Re: [PATCH 03/11] drm/i915: Stop tracking MRU activity on VMA

Tvrtko Ursulin <tvrtko.ursulin@xxxxxxxxxxxxxxx> · Tue, 10 Jul 2018 17:01:56 +0100

On 10/07/2018 13:37, Chris Wilson wrote:
Quoting Tvrtko Ursulin (2018-07-10 13:19:51)

On 09/07/2018 14:02, Chris Wilson wrote:
Our goal is to remove struct_mutex and replace it with fine grained
locking. One of the thorny issues is our eviction logic for reclaiming
space for an execbuffer (or GTT mmaping, among a few other examples).
While eviction itself is easy to move under a per-VM mutex, performing
the activity tracking is less agreeable. One solution is not to do any
MRU tracking and do a simple coarse evaluation during eviction of
active/inactive, with a loose temporal ordering of last
insertion/evaluation. That keeps all the locking constrained to when we
are manipulating the VM itself, neatly avoiding the tricky handling of
possible recursive locking during execbuf and elsewhere.
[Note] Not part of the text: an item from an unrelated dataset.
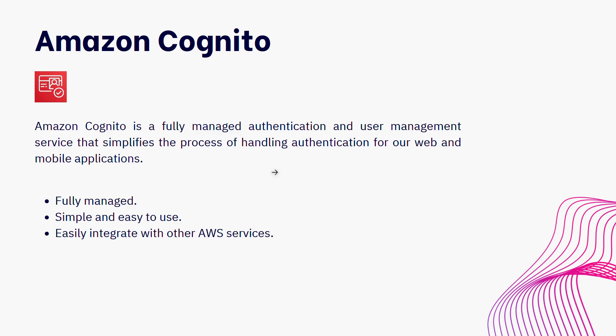So imagine this, I don't have to write any of that functionality myself. I can just use Amazon Cognito to handle all of that. And because of that, I then become free to focus on the core functionality of my application.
Note that discarding the MRU is unlikely to impact upon our efficiency
to reclaim VM space (where we think a LRU model is best) as our
current strategy is to use random idle replacement first before doing
a search, and over time the use of softpinned 48b per-ppGTT is growing
(thereby eliminating any need to perform any eviction searches, in
theory at least).

It's a big change to eviction logic but also mostly affects GGTT which
is diminishing in significance. But we still probably need some real
world mmap_gtt users to benchmark and general 3d pre-ppgtt.

mmap_gtt is not really significant here as we use random replacement
almost exclusively for them.

You mean ggtt mmaps can be kicked out by someone doing random 
replacement, but mmap_gtt faults cannot necessarily kick out other ggtt 
vmas using random replacement. In which case today it falls back to LRU 
so I think there is still something to verify if we want to be 100% nice.

Challenge is knowing such workloads. From memory transcode jobs used to 
be quite heavy in this respect when there are many many contexts and 
each uses some large mmap_gtt. I know the message was move away from 
mmap_gtt, and I don't know if that has been done yet, but maybe there 
are other similar ones.

Or also GVT with it's reduced aperture space will run eviction more in 
its more constrained ggtt space. So anything running under there could 
show the effect as amplified.

Any workload that relies on thrashing is a lost cause more or less; we
can not implement an optimal eviction strategy (no fore knowledge) and
even MRU is suggested by some of the literature as not being a good
strategy for graphics (the evidence in games are that the MRU reused
surfaces in a frame are typically use-once whereas the older surfaces
are typically used at the start of each frame; it is those use once
surfaces that then distort the MRU into making a bad prediction).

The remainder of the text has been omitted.